Importante consignar, todavia, que, embora as resenhadas novidades representem avanços admiráveis – mormente no que diz com o balanceamento de riscos e responsabilidades entre os contratantes –, o estabelecimento de procedimentos e deveres instrumentais mais extensos pode acabar por representar, em alguns casos, incrementos de despesas e imposições de burocratização indesejável. A adoção das novas diretrizes contratuais sugeridas pela FIDIC pode, pois, demandar, por parte dos atores do setor de infraestrutura, um período de acomodação mais ou menos extenso. É também recomendável, nesse sentido, que seja realizada a análise crítica da oportunidade de aceitação, caso a caso, de cada uma das soluções propostas, conforme as exigências de cada empreendimento.
*Leonardo Toledo da Silva, mestre e doutor em Direito pela USP, sócio da Toledo Marchetti e Oliveira Advogados e integrante do Conselho Jurídico do SindusCon-SP; Rodrigo Esposito Petrasso, advogado associado Toledo Marchetti e Oliveira Advogados.

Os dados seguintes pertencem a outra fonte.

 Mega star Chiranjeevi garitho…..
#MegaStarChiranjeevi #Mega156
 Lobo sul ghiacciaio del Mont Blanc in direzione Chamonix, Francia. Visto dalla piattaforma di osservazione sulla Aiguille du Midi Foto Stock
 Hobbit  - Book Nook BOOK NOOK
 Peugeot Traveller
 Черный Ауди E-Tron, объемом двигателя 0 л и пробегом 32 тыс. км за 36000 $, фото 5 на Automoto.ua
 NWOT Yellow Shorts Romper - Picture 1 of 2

[1] Em termos gerais, pode-se afirmar, segundo orientação da FIDIC, que o“Red Book” se presta, mais adequadamente, a prover as condições contratuais para obras de construção para as quais os projetos de engenharia devem ser elaborados e fornecidos pela contratante (dona da obra). O“Yellow Book”, de seu turno, é propriamente indicado para trabalhos de concepção e de construção atinentes a projetos elétricos e mecânicos e a edifícios em geral. O “Silver Book”, por fim, foi idealizado para empreendimentos em relação aos quais incumbem à contratada (empreiteira) todos os préstimos de engenharia, fornecimento e construção, para entrega do projeto em condições de operação (“EPC turnkey projects”).

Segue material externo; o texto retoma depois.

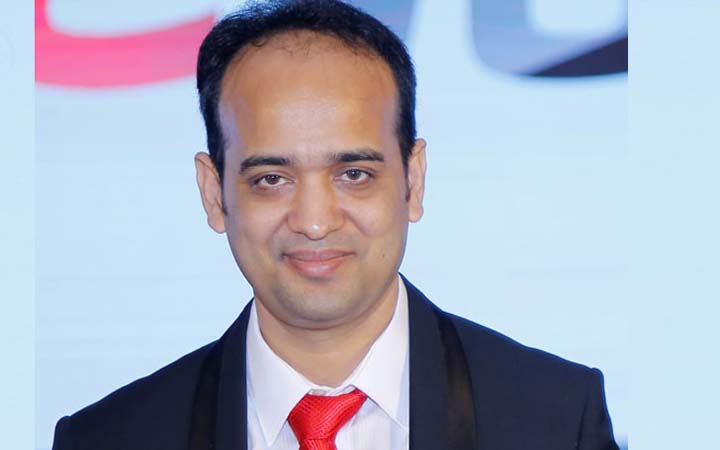 ইভ্যালির সিইও রাসেলকে জেলগেটে জিজ্ঞাসাবাদের নির্দেশ
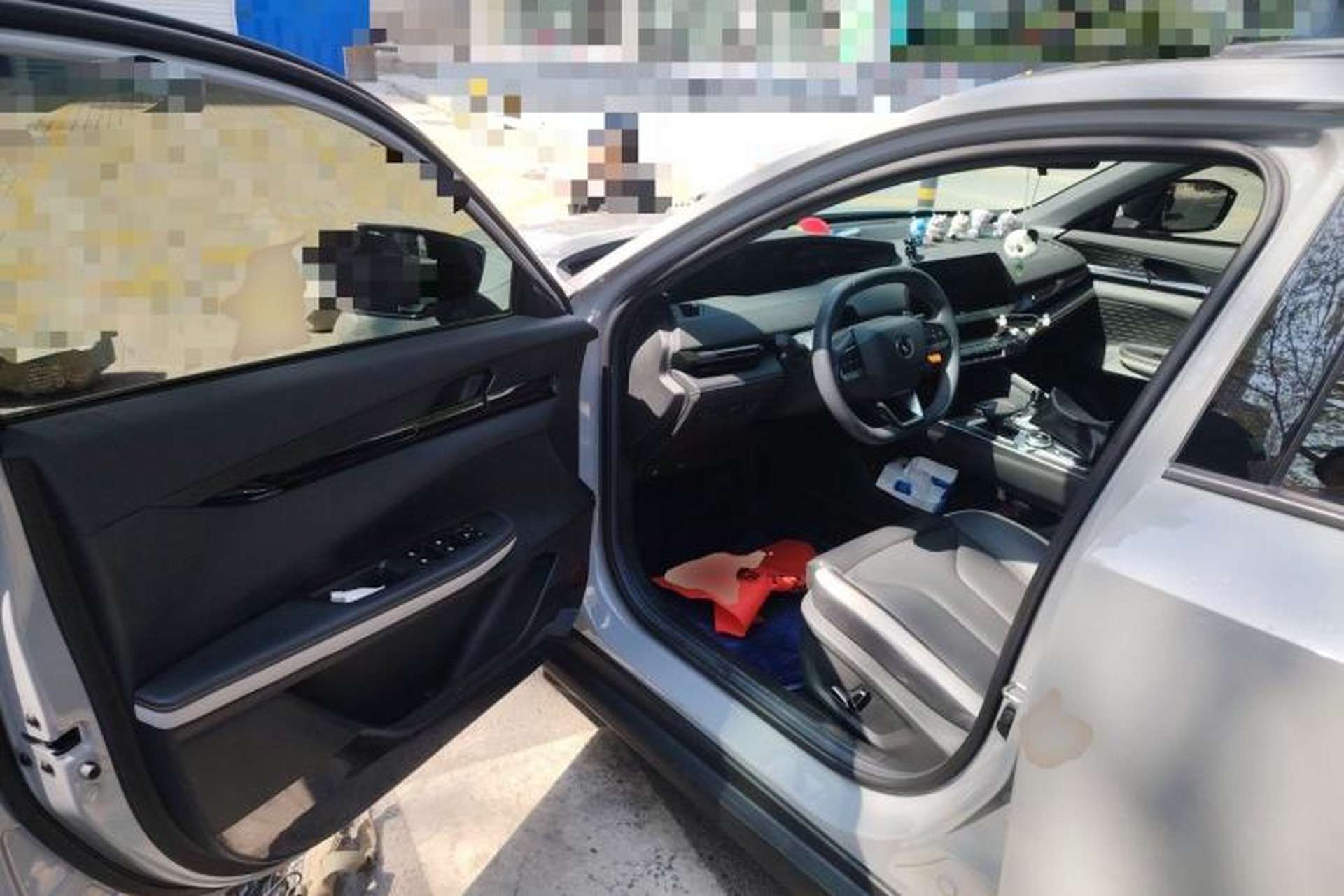 Used CHANGAN UNI-V 2023 1.5T Prestige Model Driver Seat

[2] A figura do engenheiro (“engineer”), nas estruturas contratuais preconizadas pela FIDIC, tem atribuições extensas, variáveis de acordo com o projeto de que se cuide. Em regra, o engenheiro não se restringe à execução ou ao acompanhamento das atividades técnicas de engenharia e projetos (“Yellow” e “Red Books”); a ele se conferem, também, em larga medida, responsabilidades que tocam à administração e ao planejamento do empreendimento como um todo, de forma neutra e ponderada.

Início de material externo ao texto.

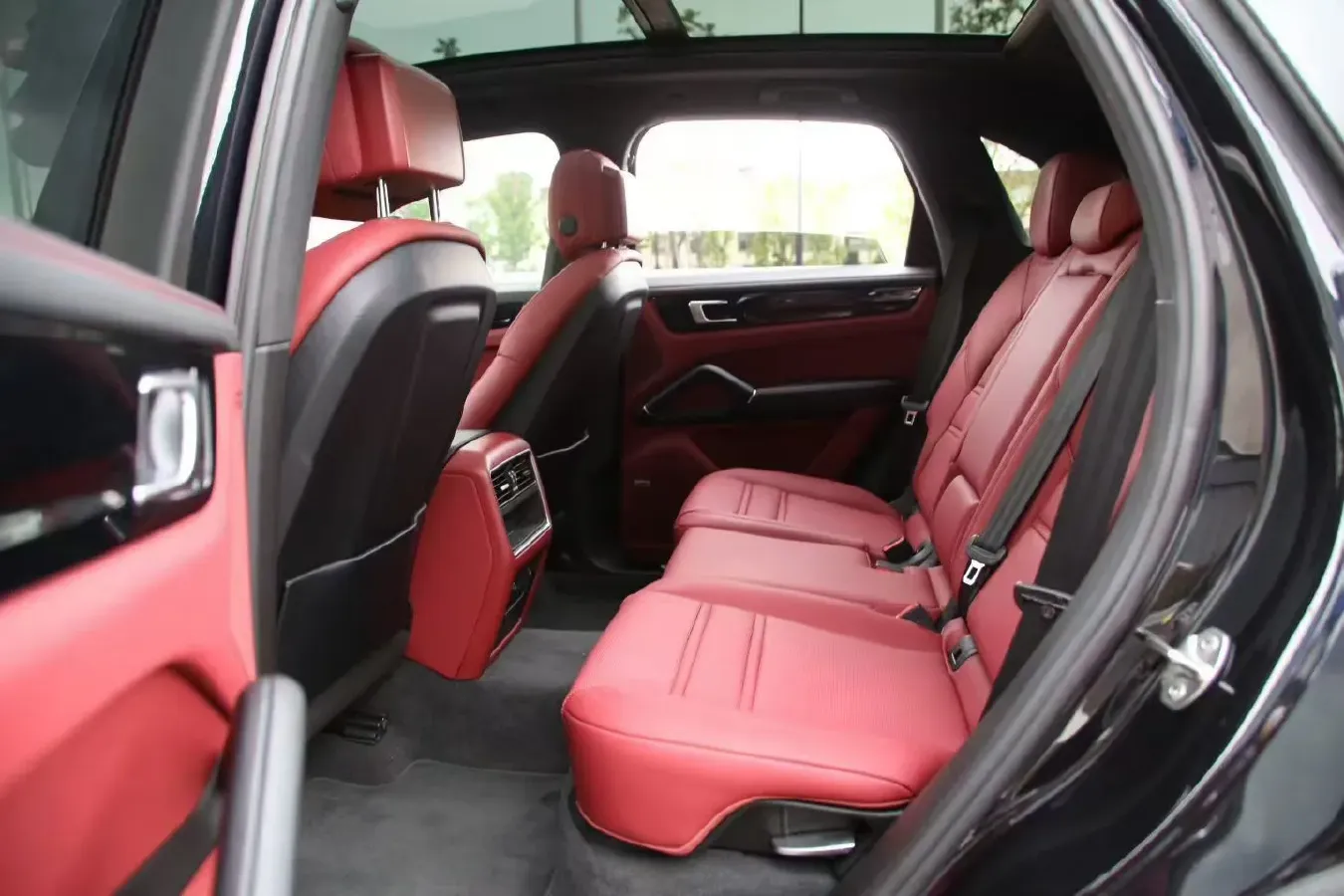 2019 Porsche Cayenne 3.0T 340HP V6 8AT,autocango,china used car exporter,china ev exporter,chinese used car exporter,chinese used ev exporter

[3] Nesse caso, ainda que a contratante não venha a recepcionar ou aceitar a parcela das obras já concluídas, assumindo os respectivos riscos e responsabilidades, pode-se resguardar a possibilidade de cobrança, pela contratante, das cabíveis indenizações (“delay damages”), acaso ocorra o não cumprimento de qualquer marco intermediário pela contratada.